Neural tube defects are among the most common CAs that cause fetal and neonatal death around the world [5,19]. EUROCAT reported the overall prevalence rate of NTD at 1.05 per 1,000 births over the period 1990-2005 (Zagreb, Croatia 0.5 per 1,000 births, Glasgow, Scotland, UK 1.7 per 1,000, Paris, France 1.3 per 1,000) [1]. There is a variation (0% for Malta and Ireland, 22.0% for the Netherlands, 92.0% for France) in the proportion of NTD cases resulting in pregnancy termination, seen across the different registries and countries in Europe, influenced by the differences in screening policies, culture and legislation.
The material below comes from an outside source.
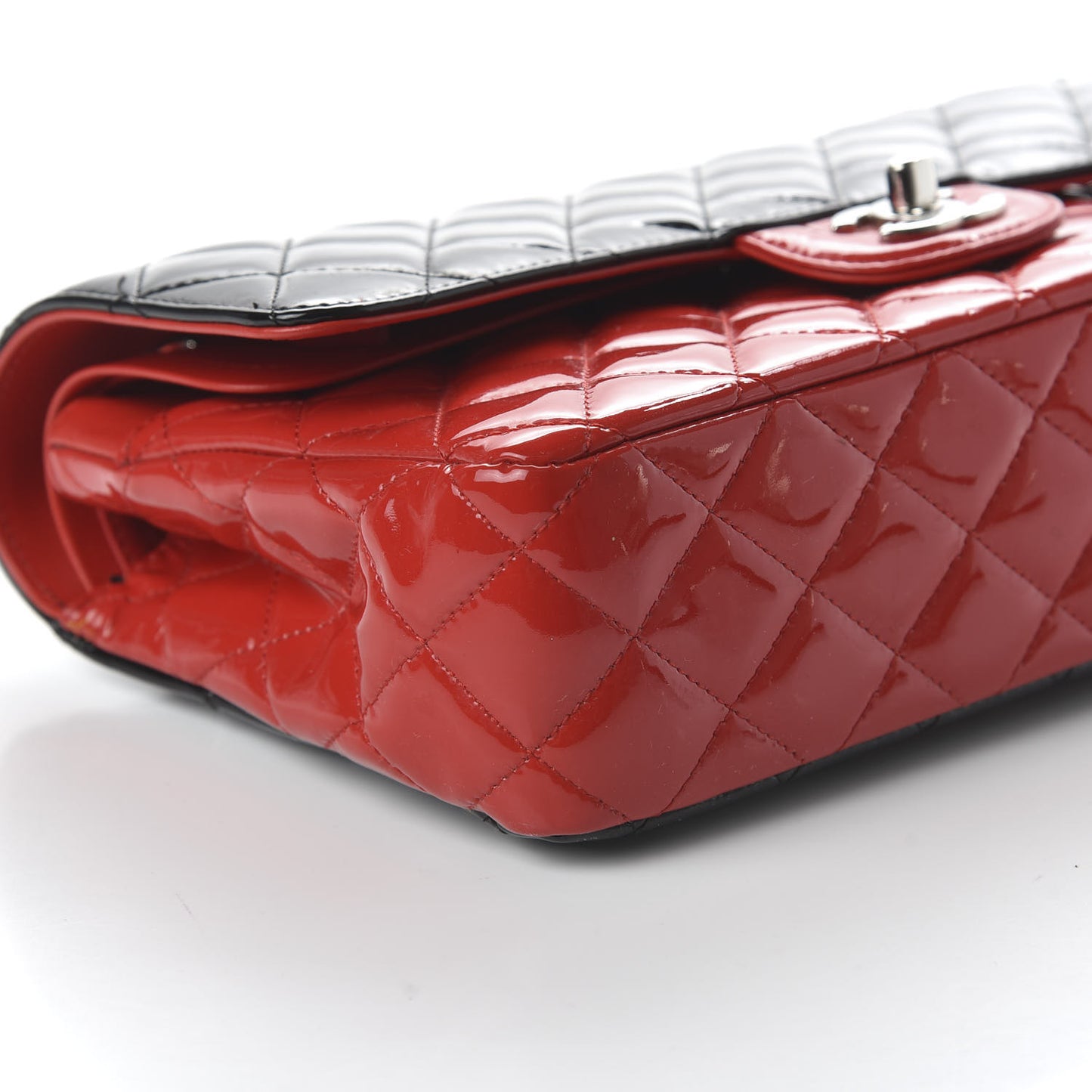 Patent Calfskin Quilted Bi-Color Medium Double Flap Black Red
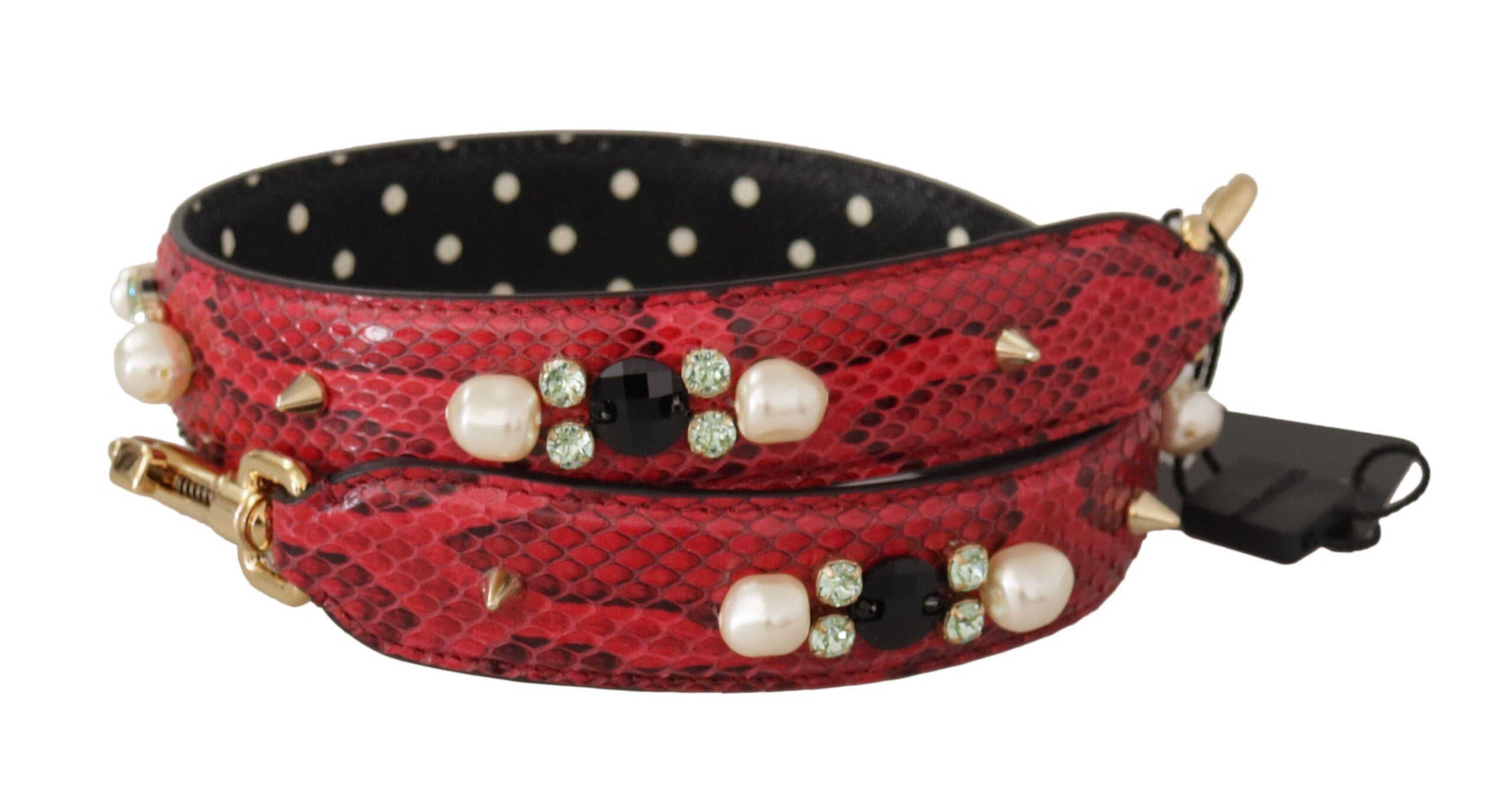 Dolce & Gabbana Dolce & Gabbana Red Python Leather Crystals Reversible Shoulder Women's Strap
The countries that did not have a policy for offering routine scans had a significantly lower prenatal detection rate of NTD [20].

The present study showed a relatively high prevalence rate of NTD in the Pleven region (2.0 per 1,000 births) compared to other registers and parts of Europe [1] and about 20.0% of all registered cases of NTD were detected in terminated pregnancies after prenatal diagnosis. Since in all the cases of prenatal diagnosis of NTD there was termination of the pregnancy, the data demonstrate inadequate prenatal screening for these defects in the Pleven region. Although in recent years the national policy recommended periconceptional folic acid supplementation, the prevalence rate of NTD in the Pleven region remained stable over the study period. These factors raise the issue of introducing an official countrywide policy for routine ultrasound anomaly scanning as an element of prevention approaches.

Our study revealed three important findings: 1) genetic components were identified in approximately 62.0% of all CA cases; 22.0% of all cases had a clear genetic cause (chromosomal 8.0% or single gene defects 14.0%) and 40.0% multifactorial etiology. The data demonstrate a high proportion of affected families with a high recurrence risk, and emphasize the importance of offering genetic counseling and prenatal diagnosis to mothers who have previously had an abnormal baby/pregnancy. 2) The etiology of one-third of the CAs was unknown or unclear. 3) Environmental causes were infrequent (approximately 7.0% of all CA cases).

In other studies [21-23], the reported genetic contribution of CAs is similar: chromosomal abnormalities 6.0-10.0%, single gene defects 7.0-17.0%, multifactorial etiology 20.0-30.0%. Environmental causes have been identified in 5.0-10.0% of birth defects and unknown causes in 40.0-50.0% of all cases. The lower proportion of CAs with unknown etiology established in our study may be due to the lower number of births (from 2,000 to 3,000 annually), which allows an accuracy of diagnosis and reflects the interest to identify a specific etiology.

In conclusion, the epidemiological data of this study suggest that 2.0-3.0% of all births (approximately 1 in 40 births every year) are associated with CAs. The particular pattern of CAs in the Pleven region and the increasing trend in prevalence of specific anomalies, draw attention to the role of specific environmental or may be local risk factors for those anomalies, and require further regional epidemiological studies. The high proportion of genetic factors in the causes of CA emphasize the importance of genetic counseling services as an integral part of preventive medical care.